I will throw thee from my care for ever
Into the staggers and the careless lapse
Of youth and ignorance . . .
It’s a line from Shakespeare’s dark comedy, All’s Well That Ends Well— “dark” because nothing ends well and everyone, at some point, falls prey to “the staggers” of the human condition.
We stagger in fear and intoxication. We stagger in confusion and weakness. But we stagger too in elation, wonder, and passion.
It’s this condition I sense in Robert Hutinski‘s series Recognition. In the images, the curtains open on a play with many titles: “Melancholia,” “Prophecy,” and so on. But “recognition” is like “love” in All’s Well That Ends Well. It never really takes place. There’s only the unspoken, the unrealized, the evanescent.
That’s the “all” of it, which is only to say, with the Slovakian poet Peter Repka, “We stagger in the corridors . . . nevertheless we live.”
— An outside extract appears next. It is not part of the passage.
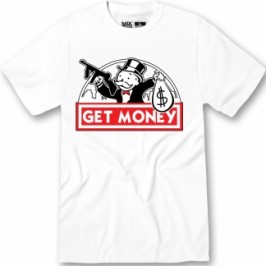 GET MONEY | Men's T-Shirt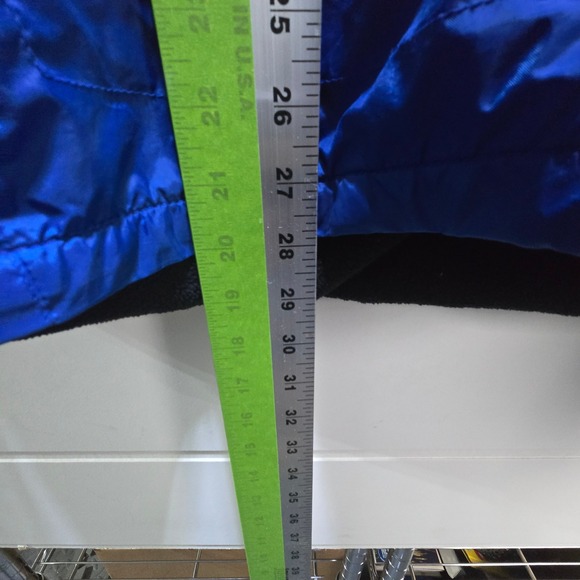 Vintage Starter Kentucky Wildcats Jacket Windbreaker XL Full Zip Fleece Lined - Picture 7 of 8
In broad daylight suddenly
from a tense unknown indistinct face
a thousand times a second I read a letter
sent not by hand but by gaze.
All that it says is:
Quickly . . .
from “While the Connections Last” by Ivan Štrpka
The soil is loose, the fence is rotten.
The tree is sinking in.
The breeze is a train.
We stagger in the corridors.
We’ve known a long time
thirst is unquenchable.
And nevertheless we live.
from “Darling Desert” by Peter Repka
and sometime too we may find a spyhole, where the universe
reveals more depth, or a moment’s opening
of its taut strings, the other
side of the ungraspable touch
of altitude with abyss . . .
from “Melancholias” by Kamil Peteraj
that man with a message
which for ages nobody’s waited for
because the old men are dead
who would have understood it
because the children are not born
who could decipher it
that man torn in movement
who is now only running
so he won’t take root in earth
from “Messenger with No News” by Daniel Hevier
who earlier blew out the remains of the marrow,
whistle your lament in the bone’s hollow.
Empty to emptiness.
from Beauty Leads to Stone XLVII by Ján Buzássy
Poetry excerpts from Igor Hochel, ed., Six Slovak Poets, trans. John Minahane (Todmorden, UK: Arc Publications, 2010).